▸ Try it
Restate each line below word for word, skipping every picture.

(Web page caption snippets)
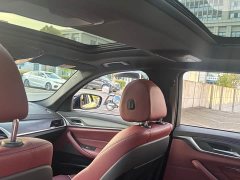 BMW 5 Series 530Li Premier M Sport Package - ფოტო 8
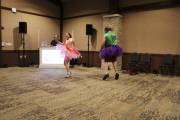 29-IMG_9061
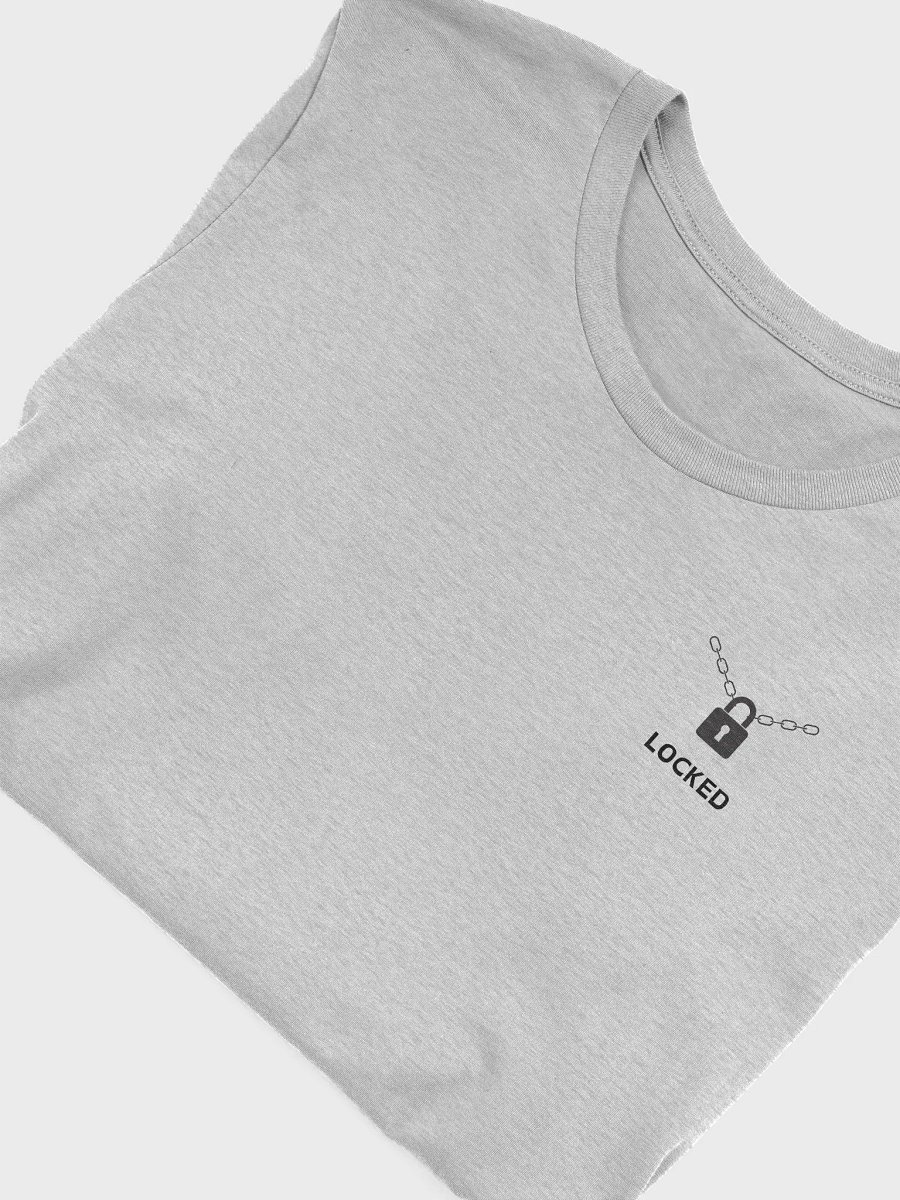Locked product image (3)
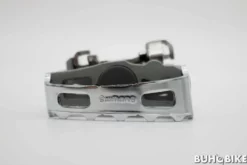 PEDAL SHIMANO M324 SPD MIXTO 8 PEDAL SHIMANO M324 SPD MIXTO -tienda de bicicletas pedal shimano m spd mixto 2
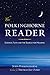 The Polkinghorne Reader: Science, Faith, and the Search for Meaning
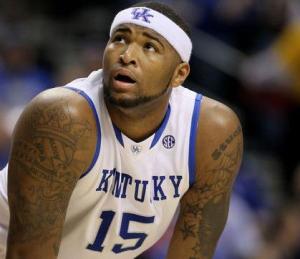 心理层面 心理层面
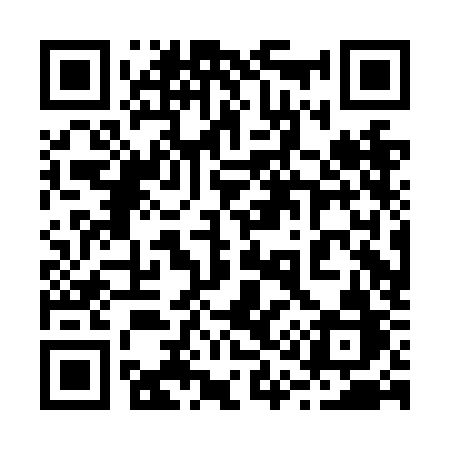 QR code for 210NKB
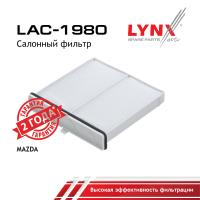 LAC-1980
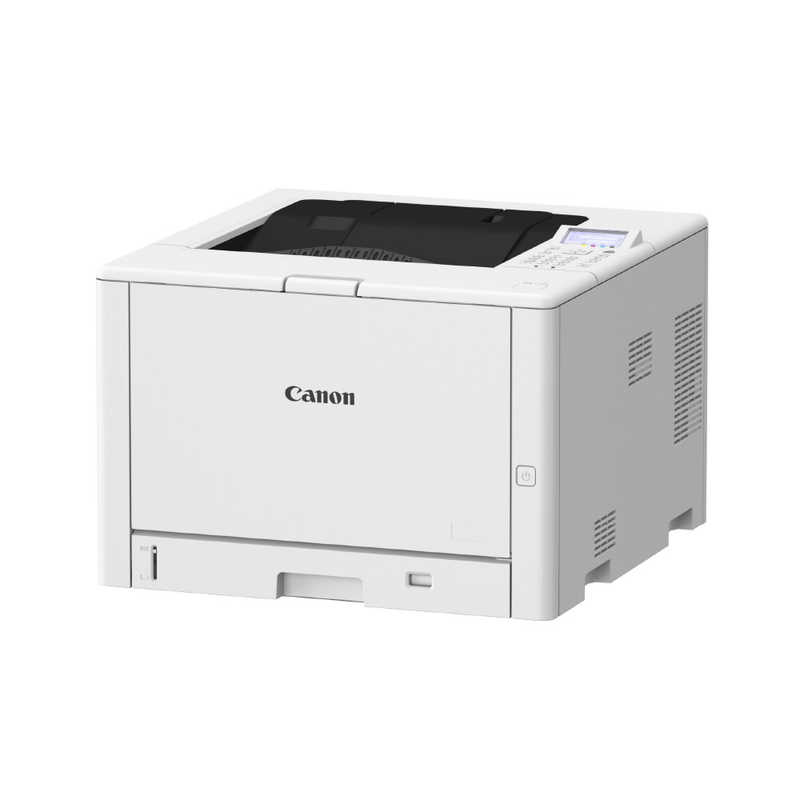 キヤノン　CANON キヤノン　CANON キヤノンA3カラーレーザービームプリンター Satera LBP812Ci Satera LBP812CI LBP812CI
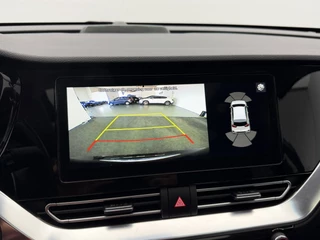 Kia e-Niro DynamicPlusLine 39 kWh SOH 93,8% | Trekhaak |Schuif/Kanteldak | Camera | Stoel/Stuurverwarming / 7
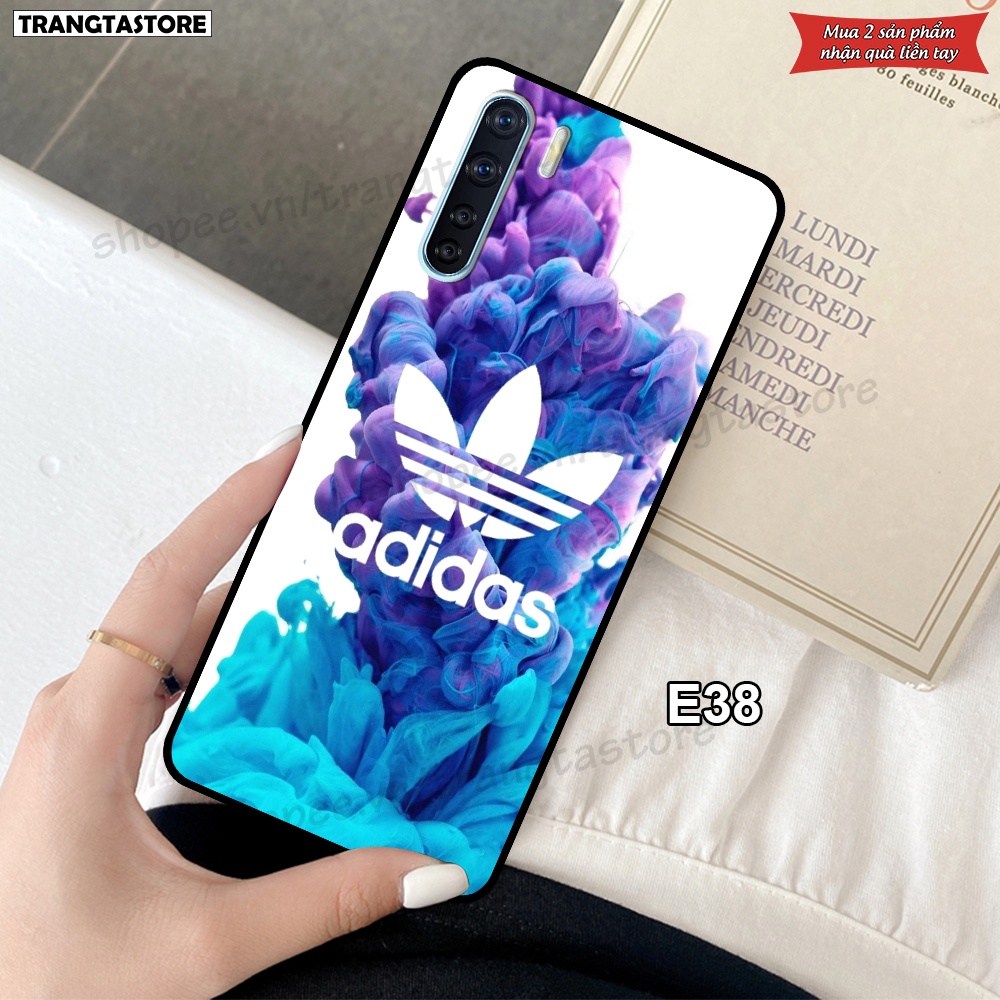 Ốp lưng Oppo A91 2020 - Reno 3 - Reno 3 Pro độc - lạ - siêu rẻ.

▸ Response
 BMW 5 Series 530Li Premier M Sport Package - ფოტო 8
 29-IMG_9061
Locked product image (3)
 PEDAL SHIMANO M324 SPD MIXTO 8 PEDAL SHIMANO M324 SPD MIXTO -tienda de bicicletas pedal shimano m spd mixto 2
 The Polkinghorne Reader: Science, Faith, and the Search for Meaning
 心理层面 心理层面
 QR code for 210NKB
 LAC-1980
 キヤノン　CANON キヤノン　CANON キヤノンA3カラーレーザービームプリンター Satera LBP812Ci Satera LBP812CI LBP812CI
 Kia e-Niro DynamicPlusLine 39 kWh SOH 93,8% | Trekhaak |Schuif/Kanteldak | Camera | Stoel/Stuurverwarming / 7
 Ốp lưng Oppo A91 2020 - Reno 3 - Reno 3 Pro độc - lạ - siêu rẻ.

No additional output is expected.